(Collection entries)
┌──

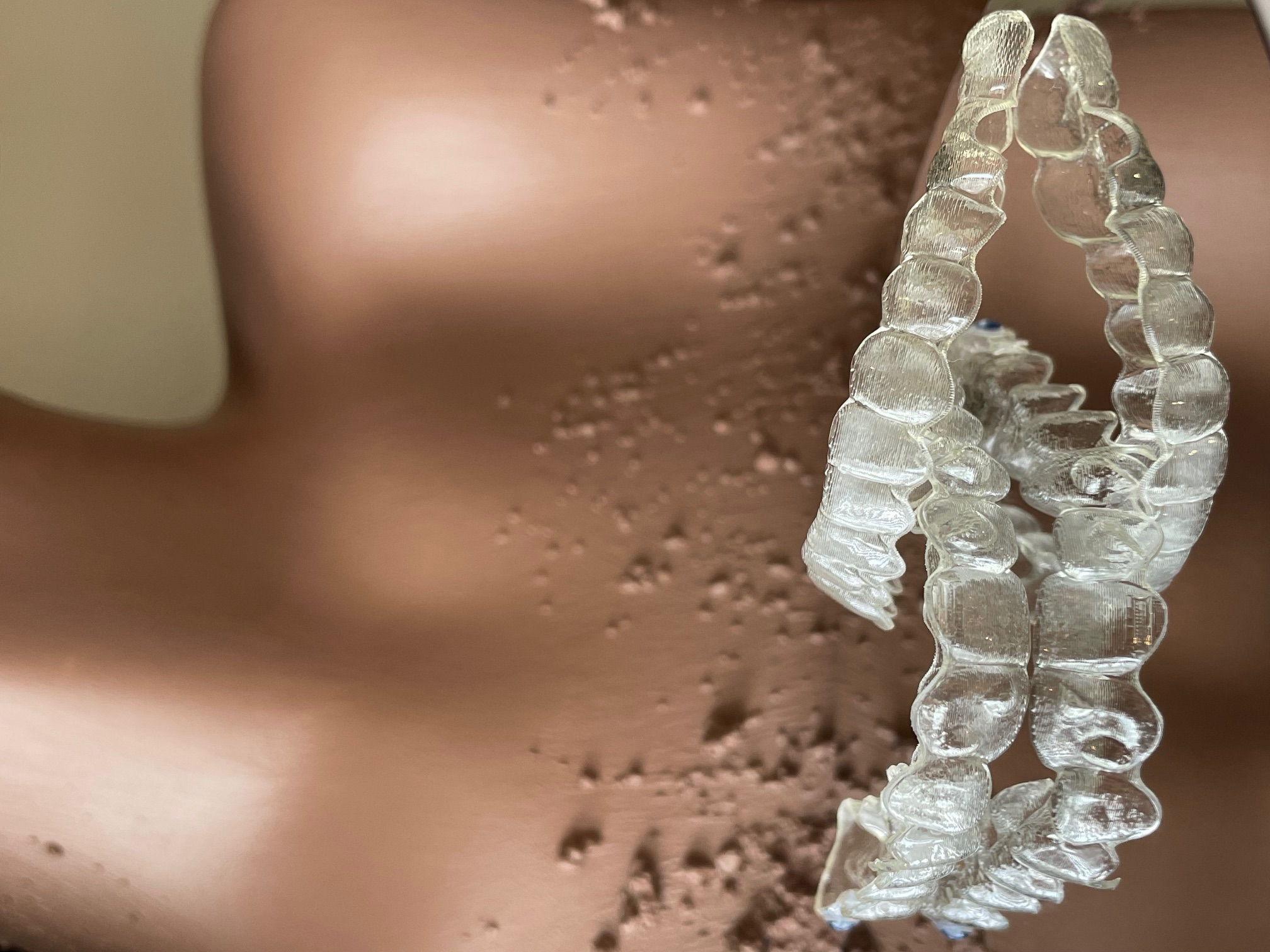 Invisalign Tedavisi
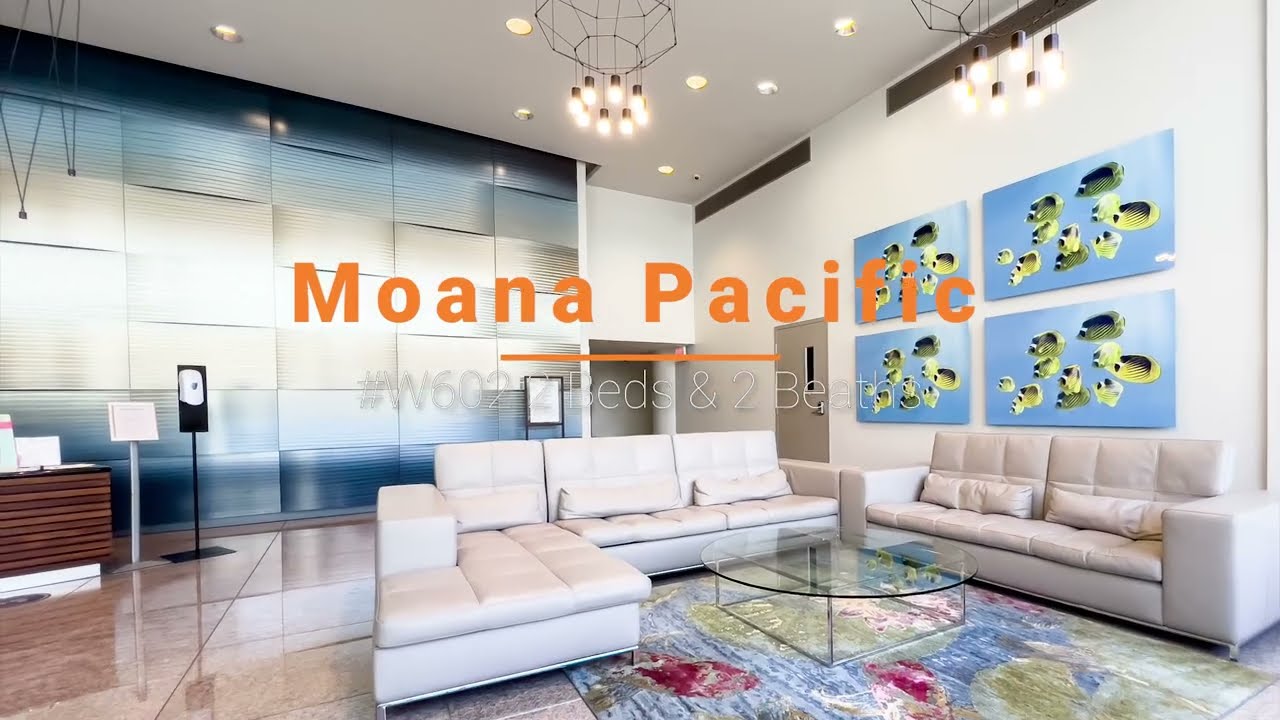 Moana Pacific I602 YouTube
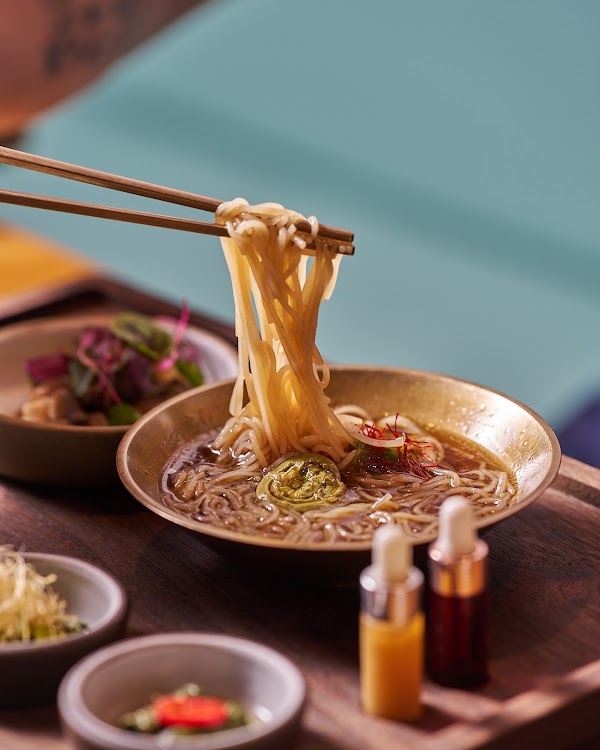Mari - Korean Handroll 2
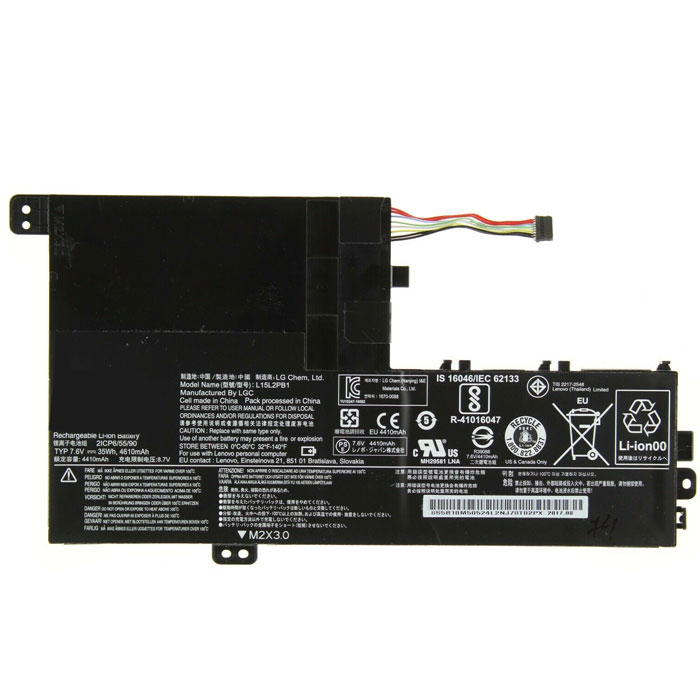 Oem Replacement laptop battery for LENOVO YOGA-510-14IKB-80YM  Oem Replacement laptop battery LENOVO  for YOGA-510-14IKB-80YM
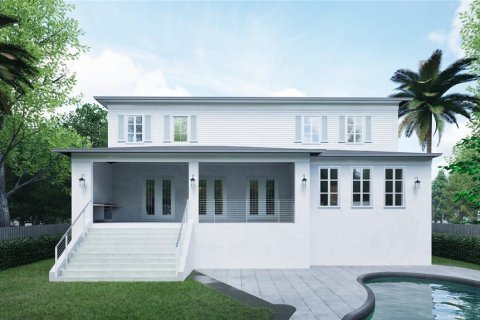 House in Tampa, Florida 5 bedrooms, 424.56 sq.m. № 1906294 - photo 3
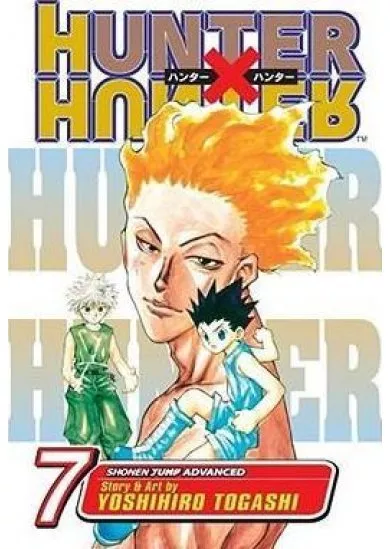 Hunter x Hunter 7
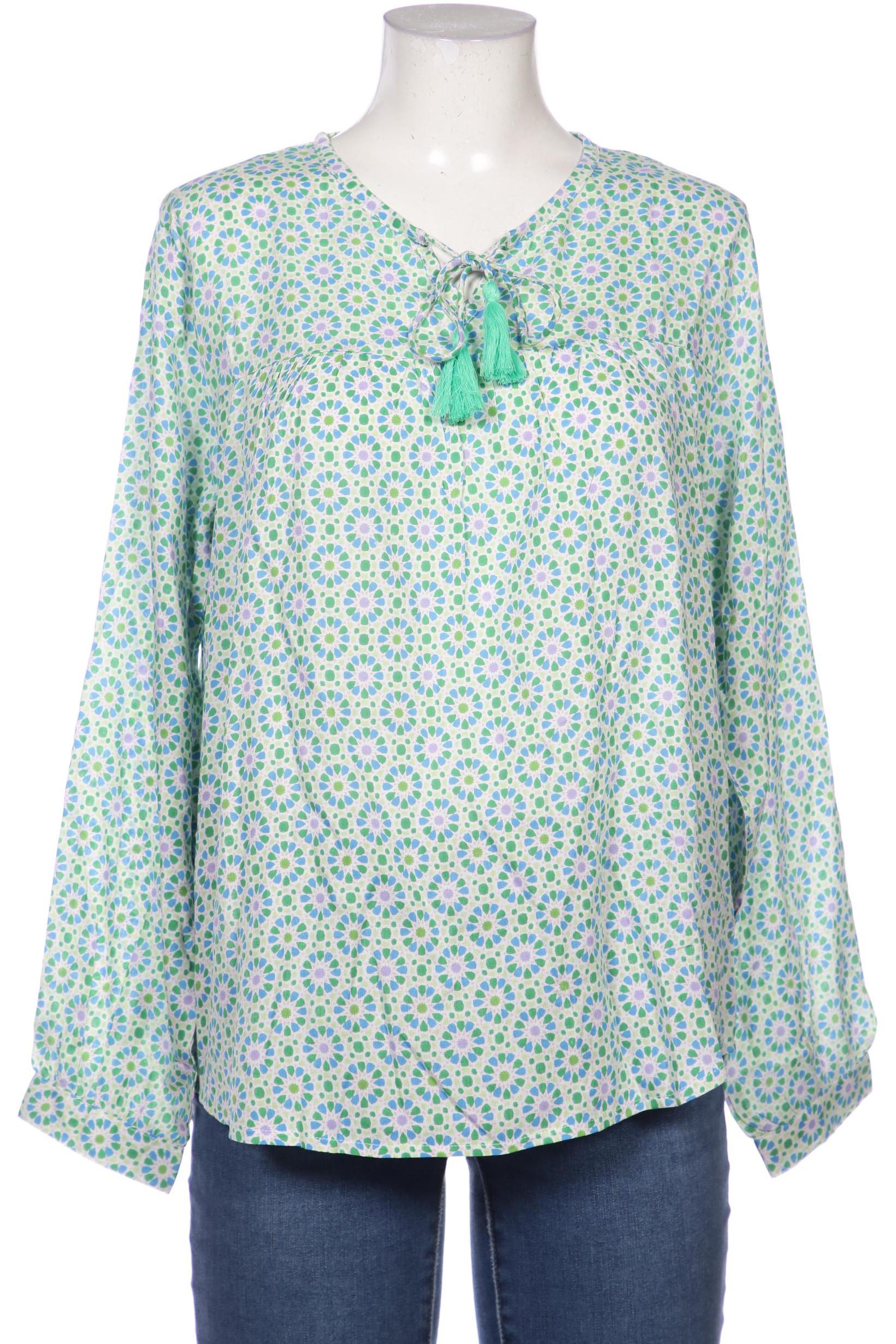 

Zwillingsherz Damen Bluse, hellgrün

└──

§ Task brief:
Copy exactly, please, every line from the one holding "Hunter x Hunter 7" through the last line of the data, both ends included, and no pictures.

§ Result of the exercise:
 Hunter x Hunter 7

Zwillingsherz Damen Bluse, hellgrün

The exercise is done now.